Politics & Policy

Florida Judge Strikes Down DeSantis Mask-Mandate Ban

Florida governor Ron DeSantis speaks during a campaign rally at Pensacola International Airport in Pensacola, Fla., October 23, 2020. (Tom Brenner/Reuters)

A Florida judge ruled Friday that Republican Governor Ron DeSantis overstepped his authority by prohibiting public institutions from instituting mask mandates, clearing the path for the state’s school districts to reimpose mask requirements for students and faculty.

In his opinion, Judge John Cooper argued that Florida law “does not support a statewide order, or any action interfering with the constitutionally provided authority of local school districts to provide for the safety and health of children, based on the unique facts on the ground in a particular county.”

He also suggested that the governor’s order contradicts medical and scientific consensus that masks are effective in curbing transmission of COVID.

“The evidence submitted by the defendant [the state] I think reflects a minority, perhaps even a small minority of medical and scientific opinion,” Cooper said.

While he acknowledged the CDC guidance could be revised, he said he believes that face mask policies are “reasonable and consistent with the best scientific and medical opinion guidance in the country at this time.”

Invoking the constitutional principle of separation of powers, the judge alluded to a different bill passed by the state legislature, which DeSantis signed, affording school boards the power to act within their discretion to adopt a policy such as a mask mandate.

“The doctrine of separation of powers requires that the discretionary power exercised by the school board, cannot be interfered by the judiciary, or by the executive branch of government, and neither the judiciary nor the executive can substitute judgment for the school board’s power,” he continued.

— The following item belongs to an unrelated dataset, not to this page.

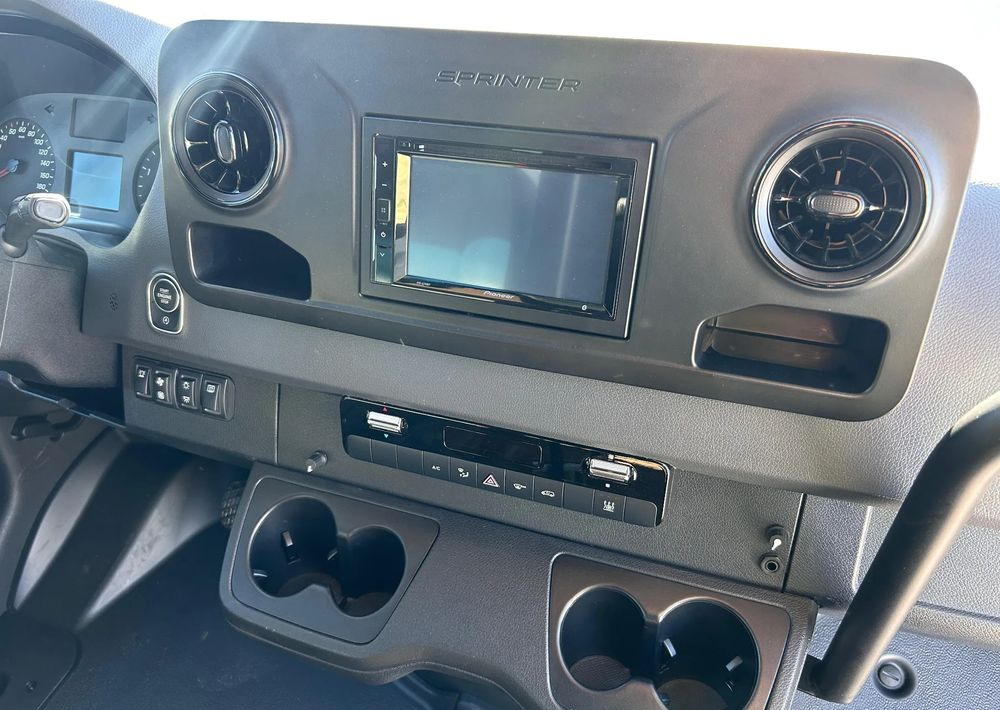 Bus mini, Van penumpang baru Mercedes-Benz Sprinter 519: gambar 13 Bus mini, Van penumpang baru Mercedes-Benz Sprinter 519: gambar 13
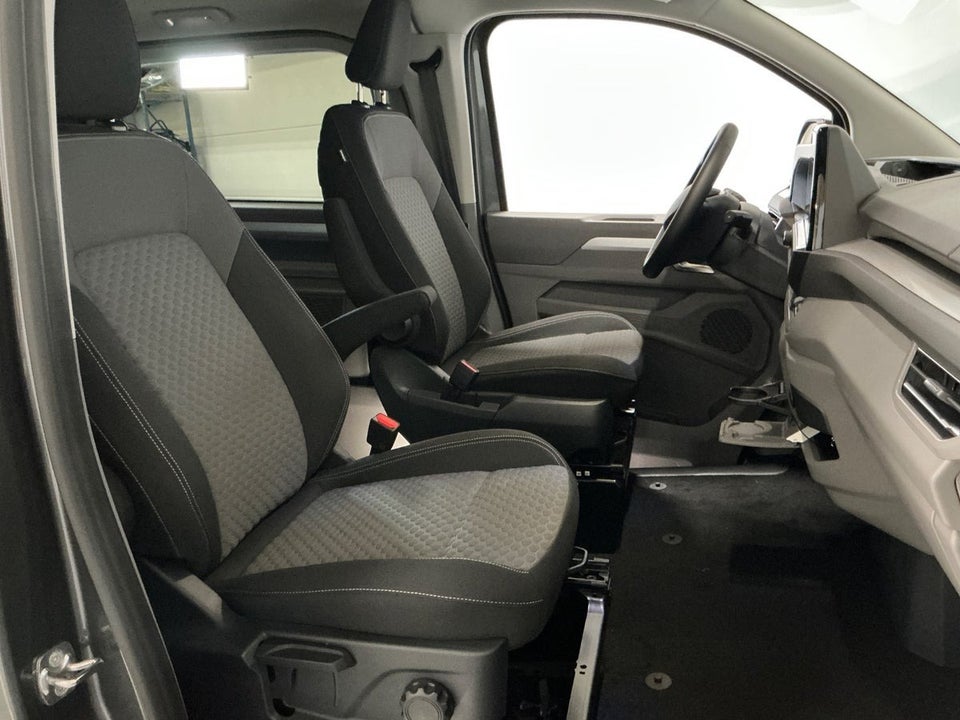 VW e-Caravelle 64 Life SWB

The court’s decision comes after DeSantis battled with certain school districts in Florida that maintained their mask mandates in defiance of his executive order. Officials in the state government had considered penalizing districts that refused to comply with the directive by withholding state funds for salaries and potentially removing school officials.

Secretary of Education Cardona responded to DeSantis’ perceived threat in a letter, vowing to siphon off funds from the Biden-backed American Rescue Plan to reimburse teachers and officials who had their salaries suspended by the state of Florida for forcing children to wear masks in school.

Cardona later stated in an interview that the Biden administration would consider pursuing civil rights legal action, via a provision of the Rehabilitation Act of 1973, against Republican-dominated states blocking schools from reimplementing mask mandates.